Some years later Selleri improved his original idea by the experiment shown in Fig. 1 (Selleri 1982): instead of a flux of neutrinos we have photons emitted by a Laser, and we have no longer a piece of matter composed of unstable entities, but a laser gain tube LGT. Moreover we have two detectors DT and DR and a semireflecting mirror SM. The latter behaves in the same way as the double slit: the particle is propagated in one direction only, depending on whether it has been transmitted or reflected by SM, whereas the wave, according to Selleri’s hypothesis, is both transmitted and reflected.

Fig. 1
figure 1

Selleri’s original experiment on quantum waves

Selleri proposed to focus on the cases in which DR, located along the reflected beam, detects a photon: this means that in the transmitted beam only the quantum wave is present. According to Selleri’s hypothesis, however, the wave can reveal its presence by generating the stimulated emission of photons; these in turn can be detected by DT) after passing through the laser gain tube LGT, whose molecules are at an excited level corresponding to the wavelength of the incident wave. In this way the coincidences between the detection of DT and DR would reveal the propagation of a quantum wave, transmitted by SM. The space-time propagation of these entities could be studied by verifying whether the DT–DR coincidences disappear when an obstacle is placed in the transmitted beam in front of LGT. According to Selleri, a positive result of this experiment would have shown that “something having neither energy nor momentum but that can produce transition of probabilities propagates in space and time.” (ibid.)

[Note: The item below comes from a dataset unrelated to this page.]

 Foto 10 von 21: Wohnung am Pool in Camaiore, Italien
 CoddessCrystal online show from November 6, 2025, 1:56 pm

Louis de Broglie, welcomed and endorsed Selleri’s idea as an important attempt

to obtain a more satisfactory interpretation of wave mechanics than that presently adopted, confirming the idea that guided me when in 1923-24 I proposed the basic conceptions of wave mechanics (de Broglie 1969).

However framed this new idea within his old classical conception of the pilot wave: “The experiment you propose to prove the existence of this wave Ψ will be of great interest to prove the existence of this very weak (très faible) wave, which carries the particles” (ibid.).

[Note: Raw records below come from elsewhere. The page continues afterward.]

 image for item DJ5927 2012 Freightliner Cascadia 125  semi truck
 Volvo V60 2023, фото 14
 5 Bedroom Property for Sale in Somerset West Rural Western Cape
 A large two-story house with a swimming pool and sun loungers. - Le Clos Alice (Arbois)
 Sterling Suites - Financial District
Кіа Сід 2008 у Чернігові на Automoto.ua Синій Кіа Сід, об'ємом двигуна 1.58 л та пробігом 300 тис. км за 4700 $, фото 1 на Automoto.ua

Selleri’s realist interpretation was received with great favor a decade later by another great opponent of the Copenhagen interpretation, the philosopher Karl Popper , who joined to it unconditionally, abandoning its original statistical and closely particle-like interpretation:

Franco Selleri has suggested, continuing the work of de Broglie, that waves without particles may exist. The consequences (of this proposal) would seem to be revolutionary … They would establish in place of the “complementary” character of particles and waves (wavicles) the interaction of two kinds of real objects: waves and particles (Popper 1985 ) .

But neither de Broglie nor Popper, while expressing the greatest interest and appreciation for the hypothesis of quantum waves, grasped the essential novelty of this concept, which instead was perfectly understood by Agazzi, since it was an instance of the radically new concepts of which no one before him had so lucidly pointed out the need in order to resolve the contradiction arising from the wave particle duality.

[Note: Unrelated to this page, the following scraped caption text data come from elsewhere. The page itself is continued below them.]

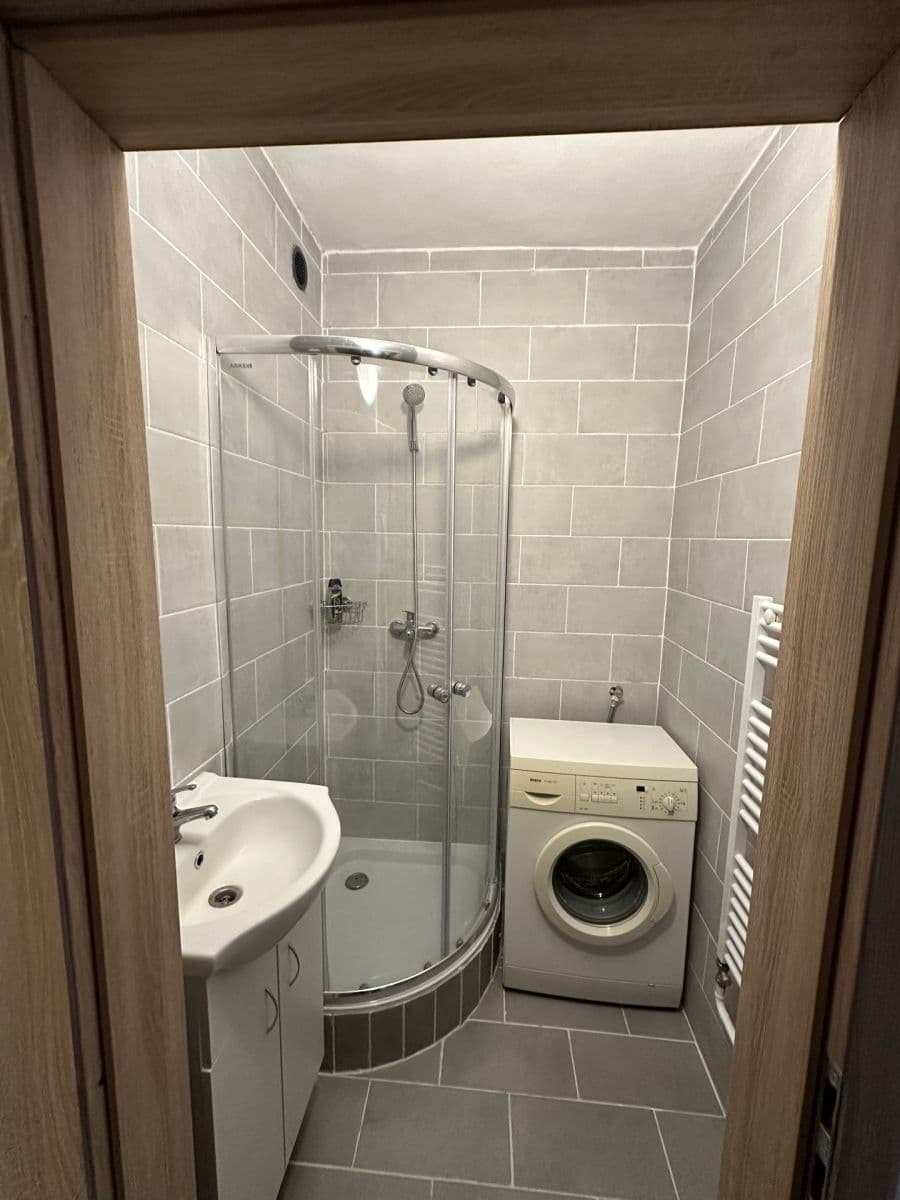 Pronájem bytu 2+1 53 m², Brodská, Žďár nad Sázavou, Kraj Vysočina Pronájem bytu 2+1 53 m², Brodská, Žďár nad Sázavou, Kraj Vysočina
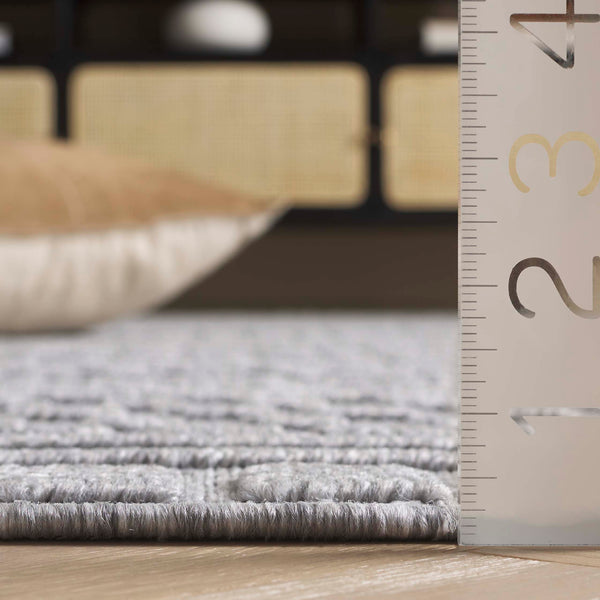 Safavieh Milos Elegant Power-loomed Indoor/Outdoor Rug With Geometric Patterns For Timeless Home Décor Grey Polypropylene Mlo110f-8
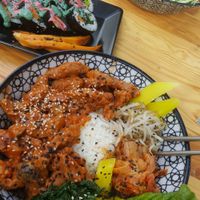 Bowl und Sushi at Kimbap Spot in Bochum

In his contribution to a volume of Italian studies on the foundations and philosophy of physics (Agazzi 1988), Agazzi noted that this conceptually new hypothesis of quantum waves was important for its refusal of the symmetrical nature of duality, and different from the classical approach of de Broglie:

The essential novelty of this concept is represented by the acceptance of de Broglie’s realist interpretation of the wave-particle duality, but not of the symmetrical nature of this dualism. In Selleri’s approach both particles and waves are simultaneously real, but the latter can be characterized only by its relations with the particles, i.e. by the observables properties of producing interference and stimulated emission. Such a possibility implies an ontological priority of particles over waves, which therefore belong to a weaker level of physical reality, containing objects which are sensible carriers of exclusively relational predicates (Agazzi 1988: 73).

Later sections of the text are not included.